The active time includes the active send time and the active receive time. The device dynamically changes keys by setting the send and receive time. Keys are classified into the following types:
Active send key: When the system time is within the send time range, the key is the active send key. When the application sends a packet, the algorithm and key configured by the key generate a Message Authentication Code (MAC) on the sending end.
Active receive key: When the system time is within the receive time range, the key is the active receive key. When the application receives a packet, the algorithm and key configured by the key generate a MAC on the receiving end.
Message Authentication Code
A MAC is a character string. The MAC is calculated from data packets and key string using the algorithm.
Keychain Time Mode
Keychain time has an absolute time mode and a periodic time mode.

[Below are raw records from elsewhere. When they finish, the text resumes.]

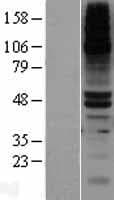 Human Renal Dipeptidase / DPEP1 Protein (Over-Expression Lysate Myc-DDK (Flag))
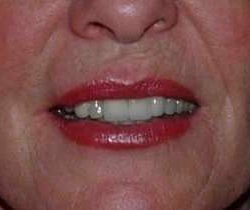 Lip Augmentation Before & After Patient #11160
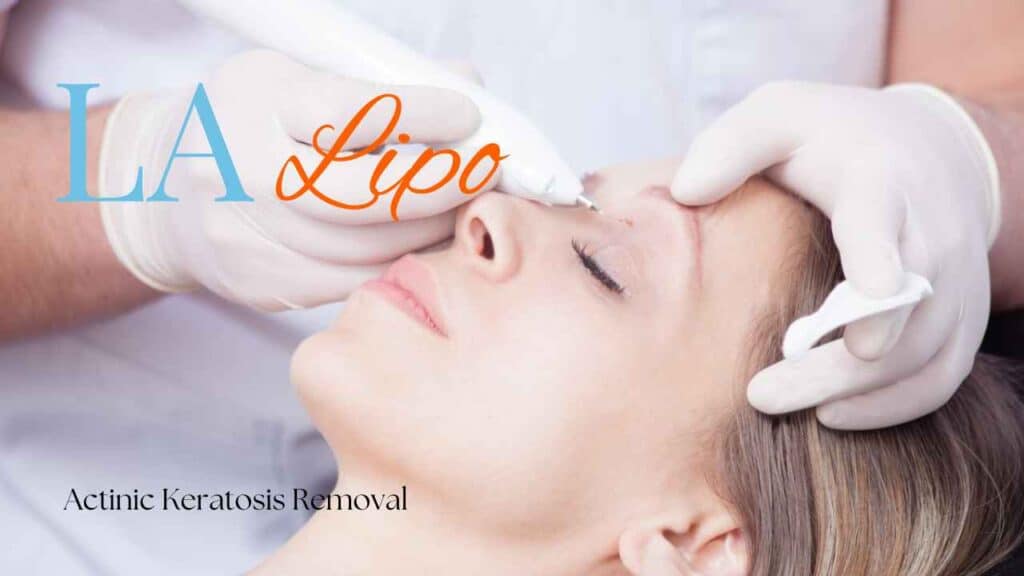 actinic keratosis removal Hereford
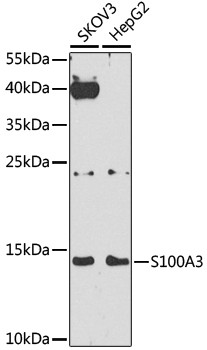 Western blot analysis of extracts of various cell lines, using S100A3 antibody  at 1:1000 dilution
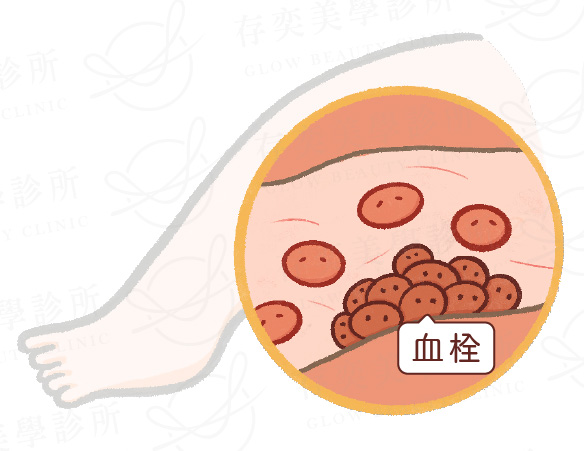 造成血栓的原因v2_血流速度變慢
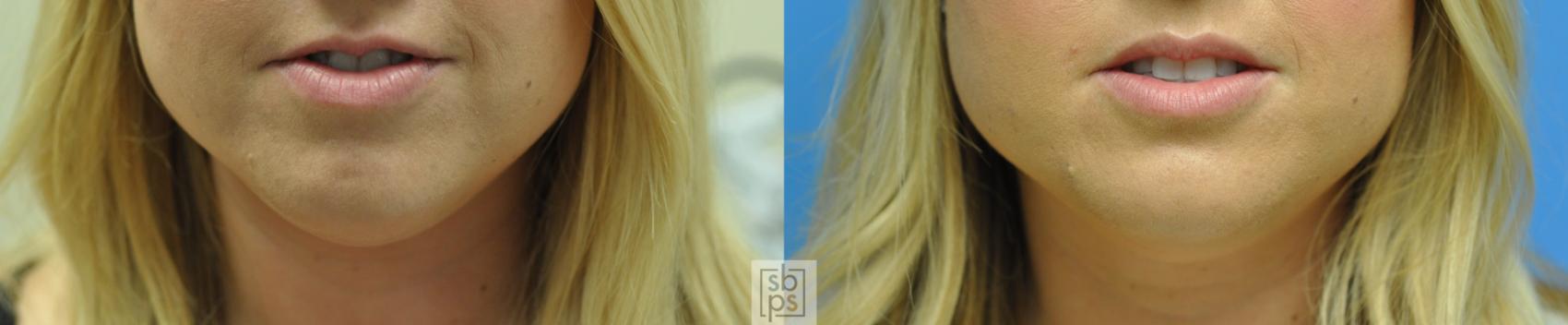 Before & After BOTOX® Cosmetic Case 150 View #2 View in Torrance & Los Angeles, CA, CA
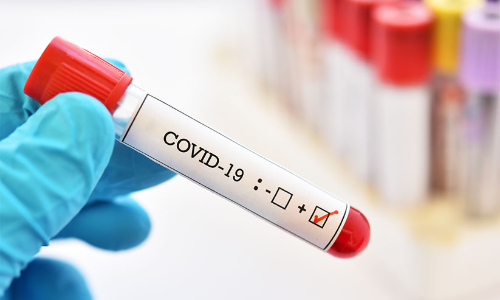 കോ​വി​ഡ്​: 177 പേ​ർ​ക്ക്​ രോ​ഗ​ബാ​ധ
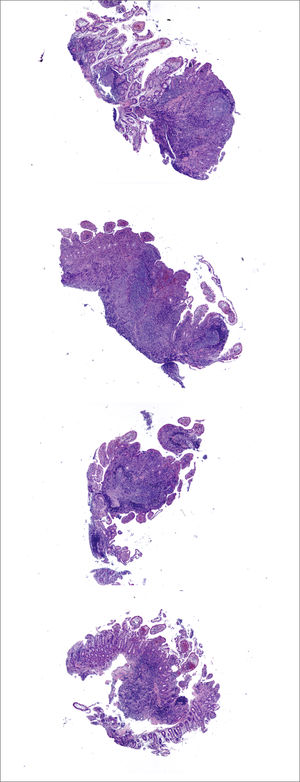 Enfermedad de Crohn Fragmentos de mucosa íleal con grados variables y parcelares de inflamación en la lámina propia en y entre los fragmentos.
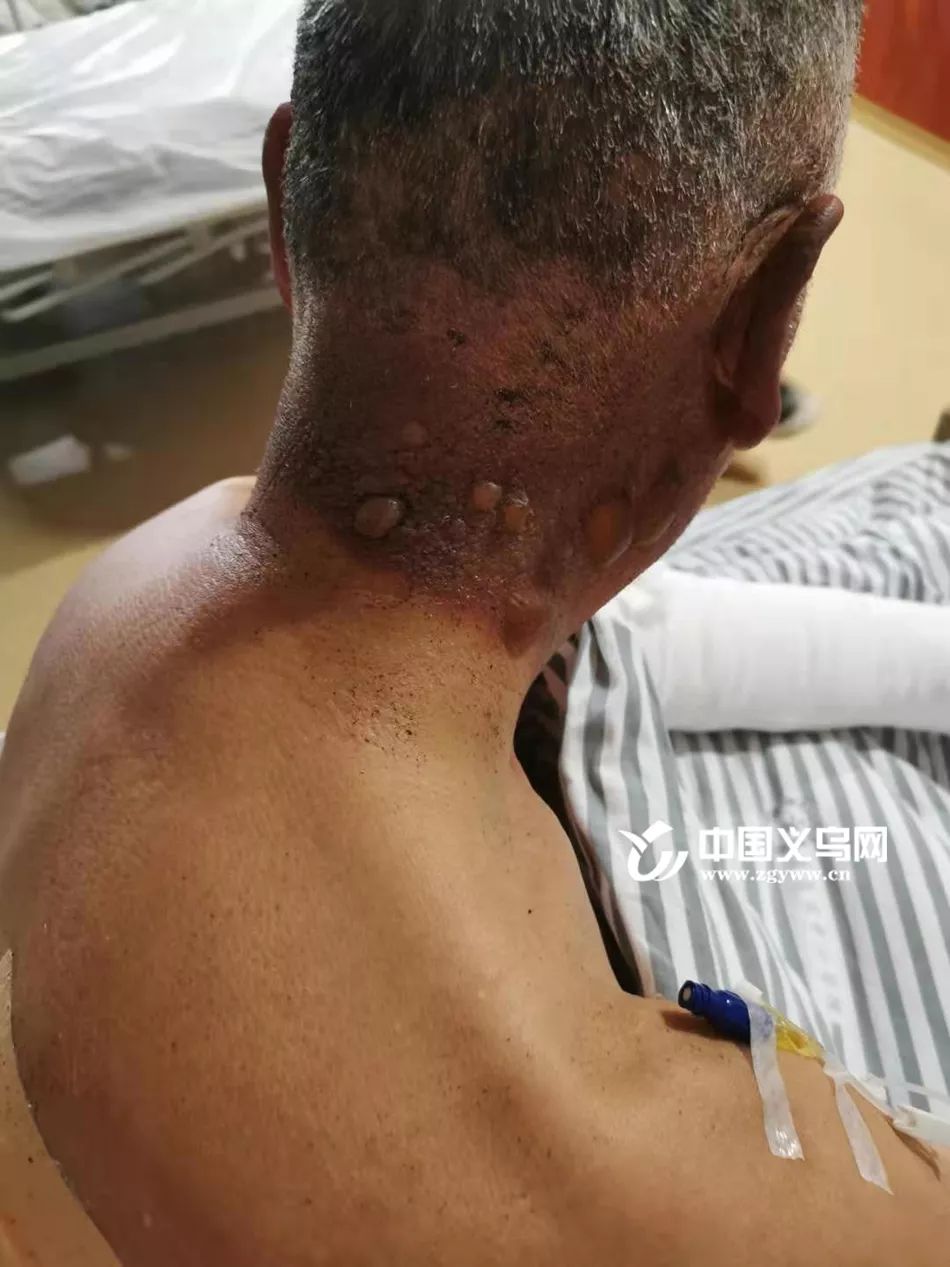 义乌城西着火最新消息,村民家中起火干群已紧急扑救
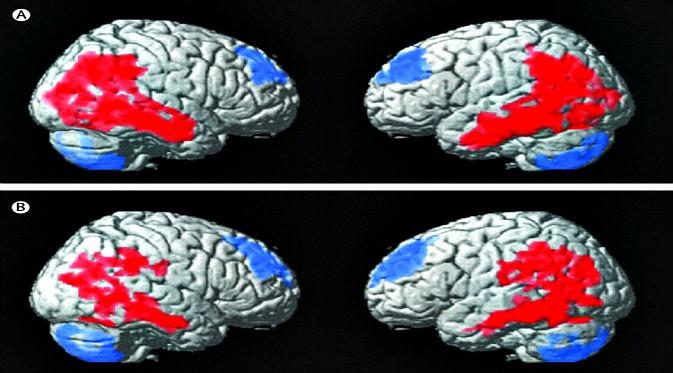 Stimulasi ke otak dengan kejutan listrik bantu pasien anoreksi. (Foto: The Lancet Psychiatry)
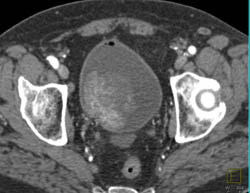 Bladder Cancer- Enhancing Mass - CTisus CT Scan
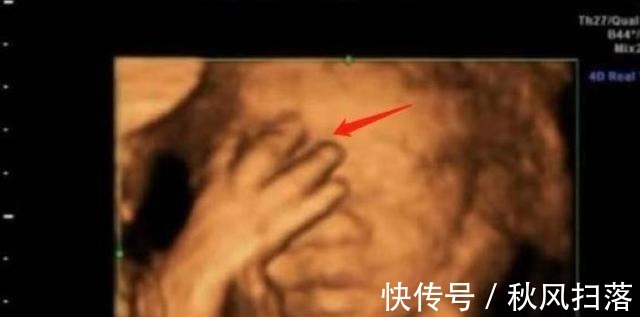 算数|“天才”胎儿走红,还在妈妈肚里就会“算数”,医生清华北大等你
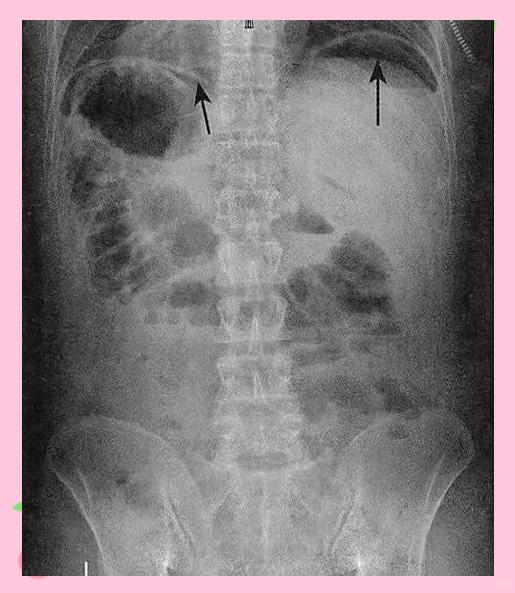 消化道穿孔是什么疾病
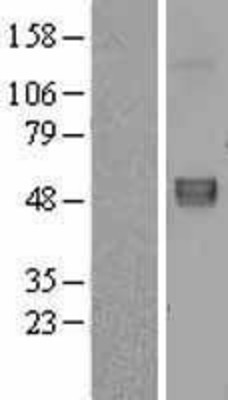 Western Blot: Fibulin 5 Overexpression Lysate (Adult Normal) [NBL1-10609] Left-Empty vector transfected control cell lysate (HEK293 cell lysate); Right -Over-expression Lysate for Fibulin 5.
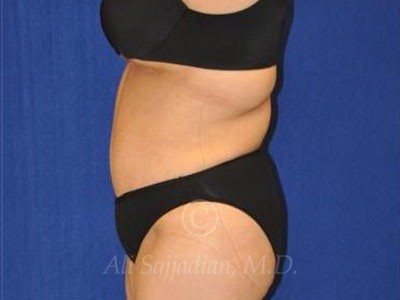 after tummy tuck female patient left side view case 8888
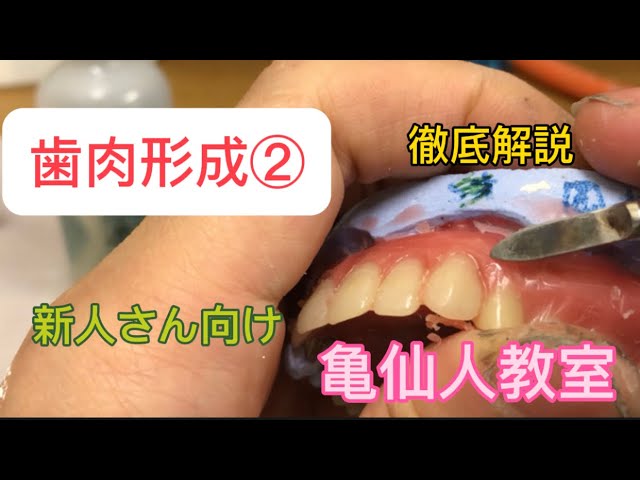 Master Roshi's Classroom: Gingival Contouring Part 2 – An In-Depth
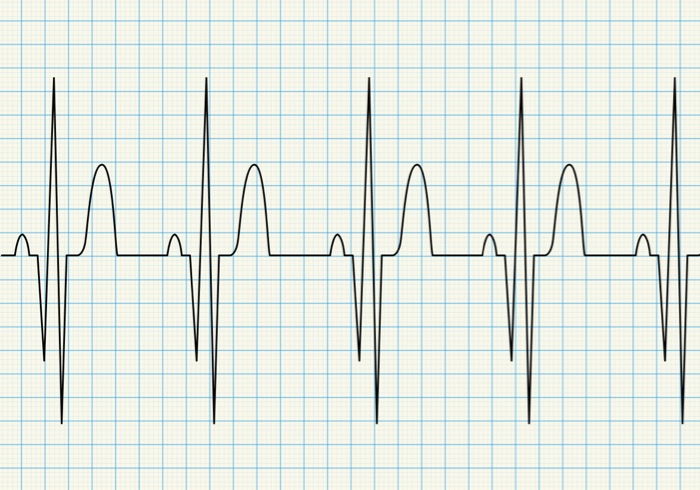 Eletrocardiograma 1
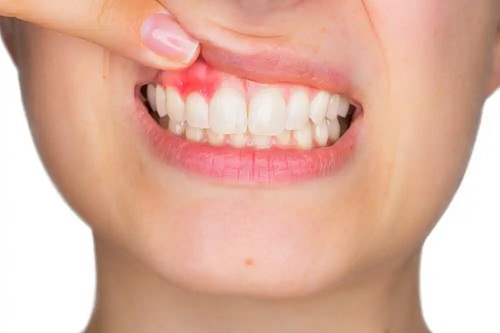 Femeie cu gingivită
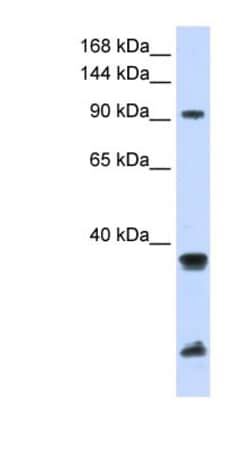 RNF20 Antibody, Novus Biologicals:Antibodies:Primary Antibodies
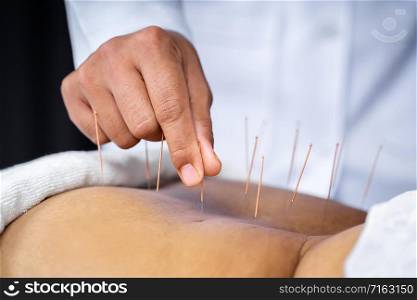 Close-up of senior female back with steel needles during procedure of the acupuncture therapy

Absolute time mode uses the Coordinated Universal Time (UTC) format.
- Daily: The key in a keychain takes effect at a specified time each day.
- Weekly: The key in a keychain takes effect on a specified day or days each week.
- Monthly: The key in a keychain takes effect on a specified day or days each month.
- Yearly: The key in a keychain takes effect in a specified month or months each year.
Default Send Key
If no key is configured in a period, no send key is active in that period. Therefore, applications do not send authentication packets to each other. A default send key can be configured to prevent this situation. When no other send keys are active, the default send key takes effect.
Receive Tolerance Time
When the send key on the device changes, the receive key on the receiving end must be changed. A delay may occur when keys change due to time asynchronization. Packets may be lost during this period. To prevent this situation, a smooth transit is needed in the receive key change. The smooth transit time is called the receive tolerance time.
The receive tolerance time only takes effect on the receive key and can be configured on each keychain. As shown in Figure 1, when the receive tolerance time is configured, the start receive time is advanced and the end receive time is delayed.
TCP kind-value and TCP algorithm-id
TCP applications are connected using TCP authentication. TCP uses enhanced TCP authentication options to send TCP authentication packets.
Vendors use different kind-values to represent the enhanced TCP authentication option. To enable devices of different vendors to communicate with each other, the kind-value can be configured based on the TCP type of the peer device.
There is an algorithm-id field in the enhanced TCP authentication option, indicating the type of the algorithm. The algorithm-id is not defined by the Internet Assigned Numbers Authority (IANA), so different vendors use different algorithm-id to represent algorithms. The mapping between the algorithm-id and the algorithm can be configured to enable devices of different vendors to communicate with each other.